# ExDataSketch
Production-grade streaming data sketching algorithms for Elixir.
ExDataSketch provides probabilistic data structures for approximate counting,
frequency estimation, quantile computation, heavy-hitter detection, and
membership testing on streaming data. All sketch state is stored as
Elixir-owned binaries, enabling straightforward serialization, distribution,
and persistence.
[](https://github.com/thanos/ex_data_sketch/actions/workflows/ci.yml)
[](https://hex.pm/packages/ex_data_sketch)
[](https://hexdocs.pm/ex_data_sketch)
[](LICENSE)
## Supported Algorithms
| Algorithm | Purpose | Status |
|-----------|---------|--------|
| HyperLogLog (HLL) | Cardinality estimation | Implemented (Pure + Rust) |
| Count-Min Sketch (CMS) | Frequency estimation | Implemented (Pure + Rust) |
| Theta Sketch | Set operations on cardinalities | Implemented (Pure + Rust) |
| KLL Quantiles | Rank and quantile estimation | Implemented (Pure + Rust) |
| DDSketch | Relative-error quantile estimation | Implemented (Pure + Rust) |
| FrequentItems (SpaceSaving) | Heavy-hitter / top-k detection | Implemented (Pure + Rust) |
| Bloom Filter | Probabilistic membership testing | Implemented (Pure) |
## Installation
Add `ex_data_sketch` to your list of dependencies in `mix.exs`:
```elixir
def deps do
[
{:ex_data_sketch, "~> 0.4.0"}
]
end
```
## Quick Start
```elixir
# HLL: count distinct elements
hll = ExDataSketch.HLL.new() |> ExDataSketch.HLL.update_many(1..100_000)
ExDataSketch.HLL.estimate(hll) # ~100_000
# KLL: quantile estimation
kll = ExDataSketch.KLL.new() |> ExDataSketch.KLL.update_many(1..100_000)
ExDataSketch.KLL.quantile(kll, 0.5) # approximate median (~50_000)
ExDataSketch.KLL.quantile(kll, 0.99) # 99th percentile (~99_000)
# Bloom: membership testing
bloom = ExDataSketch.Bloom.new(capacity: 100_000)
bloom = ExDataSketch.Bloom.put_many(bloom, 1..50_000)
ExDataSketch.Bloom.member?(bloom, 42) # true
ExDataSketch.Bloom.member?(bloom, 99_999) # false (probably)
```
See the [Quick Start Guide](guides/quick_start.md) for more examples.
## Documentation
Full documentation is available at [HexDocs](https://hexdocs.pm/ex_data_sketch).
## Architecture
- **Binary state**: All sketch state is canonical Elixir binaries. No opaque NIF resources.
- **Backend system**: Pure Elixir reference implementation with optional Rust NIF acceleration. The Rust backend falls back to Pure automatically when unavailable.
- **Serialization**: ExDataSketch-native format (EXSK) for all sketches, plus Apache DataSketches CompactSketch interop for Theta.
- **Deterministic hashing**: Stable 64-bit hash (`ExDataSketch.Hash`) for reproducible results.
- **Backend parity**: Both backends produce byte-identical serialized output for the same inputs.
## Compatibility and Stability
The following guarantees apply within the v0.x release series:
- **EXSK serialization**: The ExDataSketch-native binary format is stable. Binaries produced by any v0.x release can be deserialized by any other v0.x release.

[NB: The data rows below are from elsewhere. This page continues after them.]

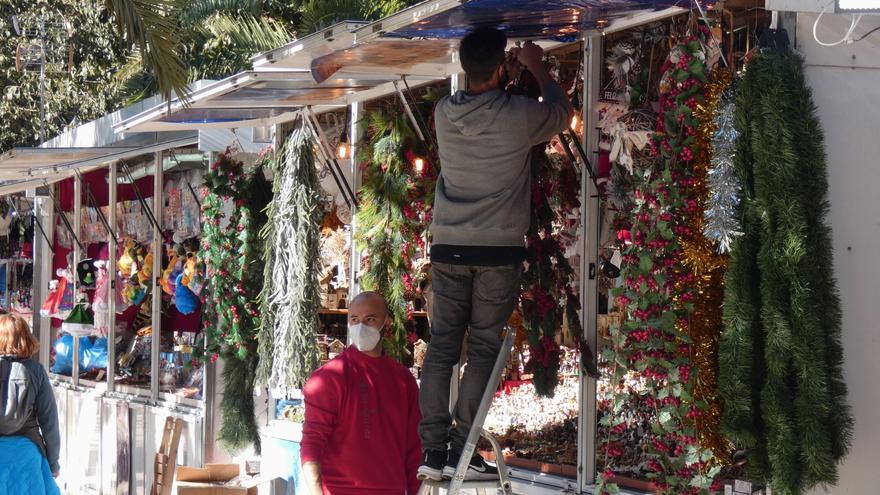 Puestos navideños en el Parque de Málaga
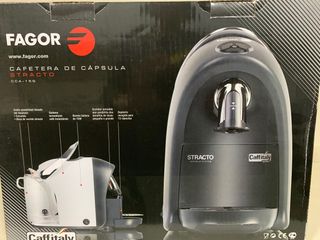 Cafetera de cápsula FAGOR STRACTO CCA-15G de segunda mano por 50 EUR en  Madrid en WALLAPOP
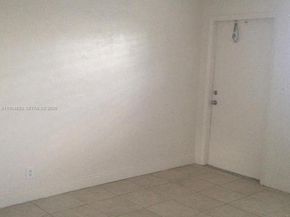 4061 N Dixie Hwy 30, Oakland Park FL 33334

- **Pure vs Rust parity**: Given identical inputs, both backends produce byte-identical serialized state and identical estimates.

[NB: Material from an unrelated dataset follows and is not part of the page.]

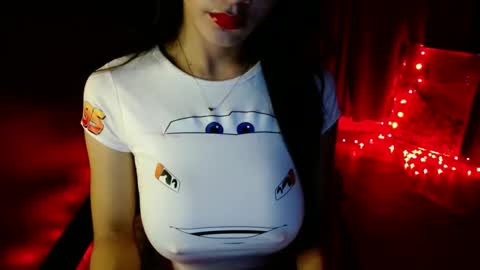 lovelypetite143 online show from April 10, 8:30 am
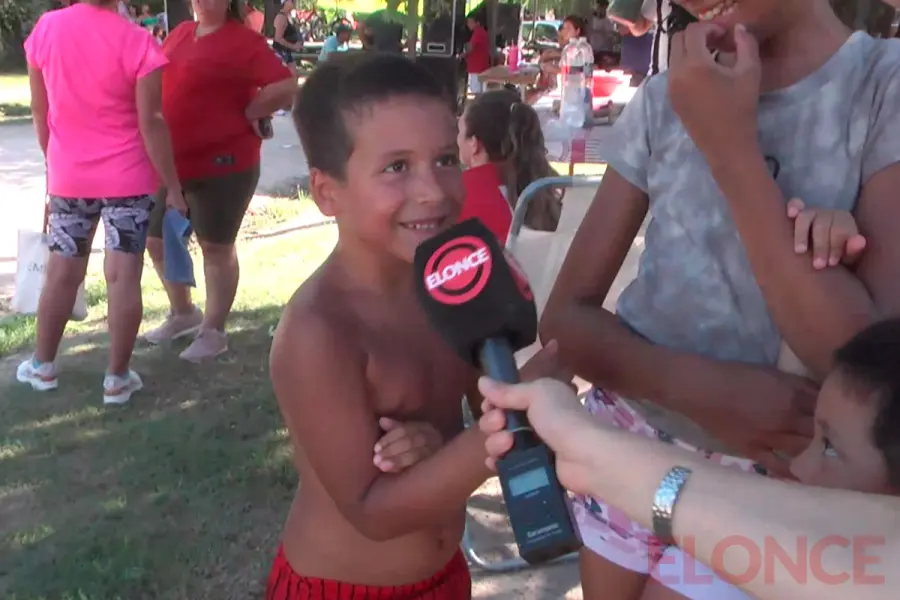 Los ni&ntilde;os expresaron su alegr&iacute;a en el festival. Foto: Elonce.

- **Deterministic output**: The same input sequence always produces the same sketch state and estimate, regardless of backend.
Not guaranteed:
- **Cross-language interop**: Only Theta supports Apache DataSketches CompactSketch format. HLL and CMS DataSketches interop is not implemented.
- **Performance stability**: Benchmark results may vary across hardware and OTP versions.
- **EXSK format across major versions**: The binary format may change in future major releases.
## Development
```bash
# Get dependencies
mix deps.get
# Run tests with coverage
mix test --cover
# Run lints
mix lint
# Run benchmarks
mix bench
# Generate docs
mix docs
```
## Roadmap
| Version | Focus | Status |
|---------|-------|--------|
| v0.1.0 | Core sketches (HLL, CMS, Theta) + Rust NIFs | Released |
| v0.2.0 | KLL quantiles | Released |
| v0.2.1 | DDSketch relative-error quantiles | Released |
| v0.3.0 | FrequentItems (SpaceSaving) | Released |
| v0.4.0 | Bloom filter (membership testing) | Released |
| v0.5.0 | Cuckoo filter (membership with deletion) | Planned |
## License
MIT License. See [LICENSE](LICENSE) for details.